John Abraham Fisher (1744 – May or June 1806) was an English violinist and composer.

==Biography==
Fisher was born at Dunstable in 1744, the son of Richard Fisher. He was brought up in Lord Tyrawley's house, learning the violin from Thomas Pinto, and his appearance at the King's Theatre (1763), where he played a concerto, was "by permission" of his patron. The following year Fisher was enrolled in the Royal Society of Musicians. He matriculated at Magdalen College, Oxford, 26 June 1777. His indefatigable industry obtained him the degrees of Bac. and Doc. Mus. on 5 July 1777, his oratorio Providence being performed at the Sheldonian Theatre two days previously. The work was afterwards heard several times in London; but Fisher's name as a composer is more closely connected with theatrical than with sacred music.

He became entitled to a sixteenth share of Covent Garden Theatre by his marriage about 1770 with Miss Powell, daughter of a proprietor. He devoted his musical talent and business energy to the theatre. When his wife died Fisher sold his share in the theatre, and made a professional tour on the continent, visiting France, Germany, and Russia, and reaching Vienna in 1784. The Tonkünstler-Societät employed three languages in a memorandum—"Monsieur Fischer, ein Engelländer und virtuoso di Violino"—which probably refers to the stranger's performance at a concert of the society. Fisher won favour also at court, and became as widely known for his eccentricities as for his ingenious performances. It was not long before he drew odium upon himself through his marriage with, and subsequent ill-treatment of, Anna Storace, the prima donna. The wedding had taken place with a certain amount of éclat, but when the virtuoso bullied and even struck his bride, the scandal soon became public, and a separation followed. Fisher visited Mozart that week who supported Fisher's case. The emperor (Joseph) ordered Fisher to quit his dominion. Leaving his young wife he sought refuge in Ireland. The cordiality with which his old friend Robert Owenson welcomed him to Dublin, his personal appearance, and introduction into the family circle, have been amusingly described by Sydney, Lady Morgan, one of Owenson's daughters. Fisher gave concerts at the Rotunda, and occupied himself as a teacher. He died in May or June 1806.

==Works==
As an executant Fisher pleased by his skill and fiery energy. In his youth he appears to have revelled in his command of the instrument, and in his mature years he offended the critics by a showiness that bordered on charlatanism. Among Fisher's compositions, his Six Easy Solos for a Violin and Six Duettos were useful to amateurs of the time; while his Vauxhall and Marybone Songs, in three books, were made popular by the singing of Mrs. Weichsel, Vernon, and Bellamy. Another favourite book was a collection of airs forming A Comparative View of the English, French, and Italian Schools, which, however, contains no critical remarks. The songs In Vain I Seek to Calm to Rest and See with Rosy Beam deserve mention. The Six Symphonies, all scored for two oboes, two bassoons, two horns and strings were played at Vauxhall and at the theatres; the manuscript of a seventh symphony is held at the British Library. Recordings of the six symphonies were issued by Naxos in 2021.

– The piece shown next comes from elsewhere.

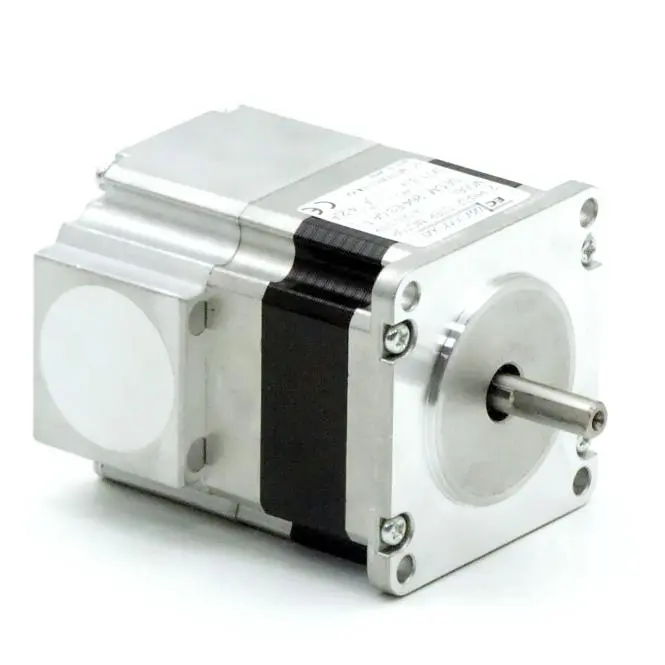 Produktfoto 1 von EC MOTION NEMA23 2-Phasen-Schrittmotor 1.8° 0.39Nm 3.0A Frontwelle:6.35mm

The pantomime, with music, Master of the Woods, was produced at Sadler's Wells; the Harlequin Jubilee at Covent Garden, and, with the 'Sylphs' and the 'Sirens', gave evidence of the professor's facility in manufacturing musicianly serio-comic measures. The Norwood Gipsies, 'Prometheus', 'Macbeth', and lastly 'Zobeide', point to a more serious vein, though belonging equally to Fisher's theatrical period, about 1770–80; but the well-written anthem, 'Seek ye the Lord', sung at Bedford Chapel and Lincoln Cathedral. is of later date. Three violin concertos were published at Berlin, 1782.